There is a lot to admire here. This novel reminds me of one long Robert Altman tracking shot. The whole book takes place over a very short period of time in a small, Western town. Warren is incredibly adept at giving weight to the small moments of the lives of regular people just trying to find their way through not only their present, but also their past and future  – all of this under the scrutiny of everyone knowing everyone else because of the size of the town. Warren gets inside the skin of a wide range of characters – teens, men, women – quite well. It’s definitely a slice-of-life story, so my instinct to try to draw something larger from it had to be stifled. I do know this. I look forward to finding her newer novel.

Warren’s site

The thing is, I like Saul Bellow. I od’d on him when I first encountered his work as a U of C student 25 or so years ago. I don’t want to re-read Henderson, the Rain King because I’ve turned one moment of that book into a profound experience in my life and I’m little worried that I don’t quite have the details right.

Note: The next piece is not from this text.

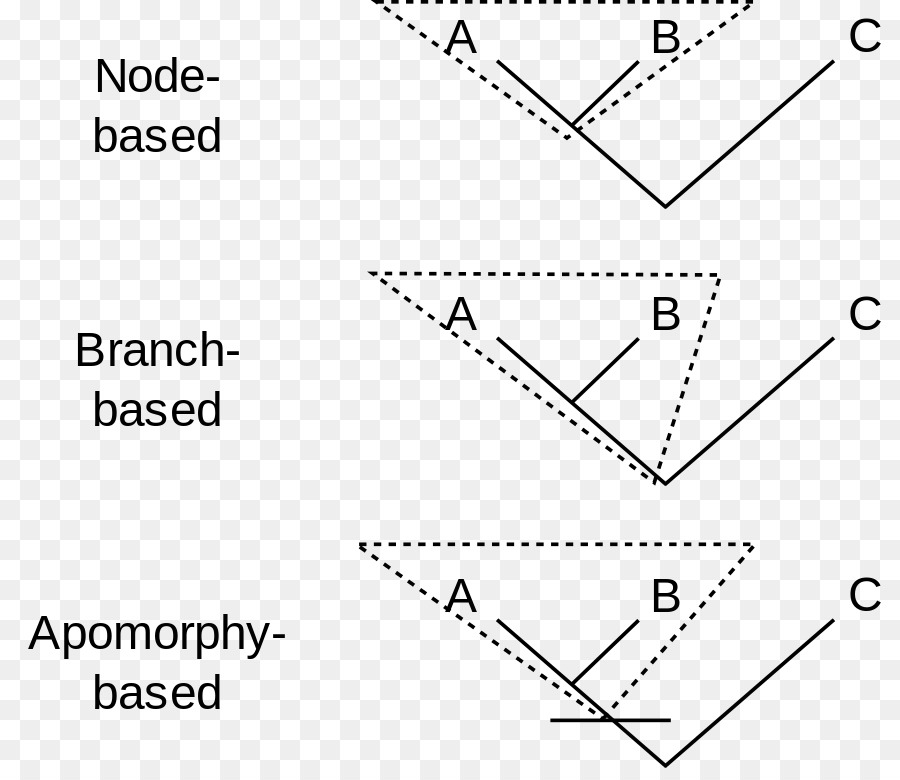 آمنة جوهريا，Synapomorphy و Apomorphy PNG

I am no slave to plot. I don’t need things to be linear. But as much as there’s a lot of great writing here, there’s no, well, story, certainly not enough of one to sustain 472 pages. A few things happen. Some of these things are less credible than others. Some things have happened in the past. But the book is mostly an excuse for Bellow to do some philosophical posturing by putting words in the mouth of Humboldt and Charlie (as well as a few others). These are not human beings; they are mouthpieces, male mouthpieces at that as Charlie, despite his age and appearance, spends a great deal of time with Renata, who comes off as quite the catch.

There are some human qualities to Charlie’s interactions with Humboldt’s wife as well as with his own brother. As a one-time Chicagoan, I enjoyed the look at the city, But again, there was not enough here to make this much more than one I had to push myself through for the sake of an upcoming book club meeting.

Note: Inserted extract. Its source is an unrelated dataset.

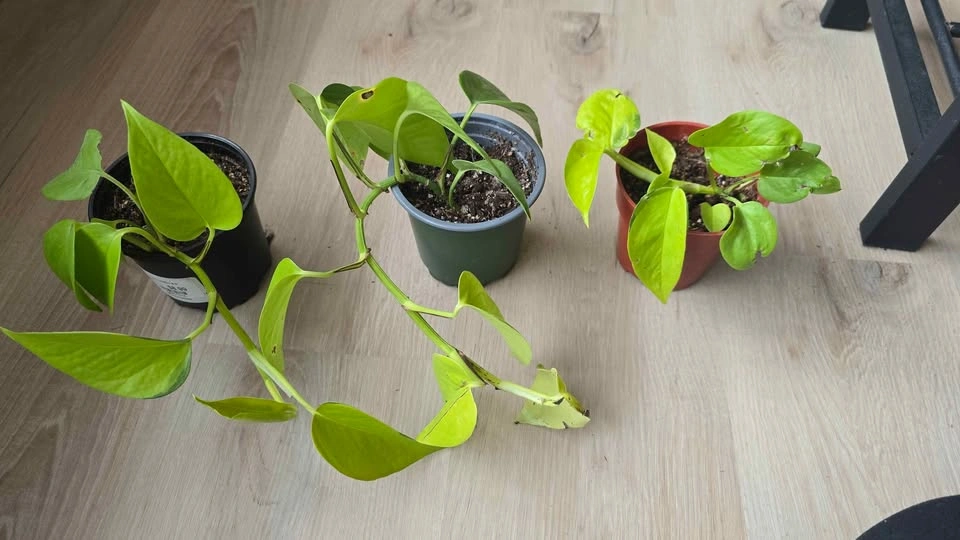 Neon Photos Plant - photo 2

My code word for all classical music that’s too modern for me is Bartok. My baseline for all prose that seems just too arch and self-conscious to be honest is Sinclair Lewis. For a time, I couldn’t find my way into this novel. It seemed like both DeCapite and his protagonist were showing off. But once I began to read for longer stretches, I think I found the heart of the characters and understood how the language suited DeCapite’s purpose. Paul Christopher, that protagonist, is just a little bit awed by life as he tries to make his transition into adulthood. And he cloaks his uncertainties, as many of us do, behind a dramatic and perhaps, now that I think of it, romantic personae. I was satisfied enough by the end that I want to read another book of his. And apparently his son, Mike, is a pretty good writer too.

I was in a bookstore and was struck by a title – If On a Winter’s Night a Traveler – and I opened it. The first line is something like, “You are probably in a bookstore right now.” I laughed. Out loud. And I bought the book.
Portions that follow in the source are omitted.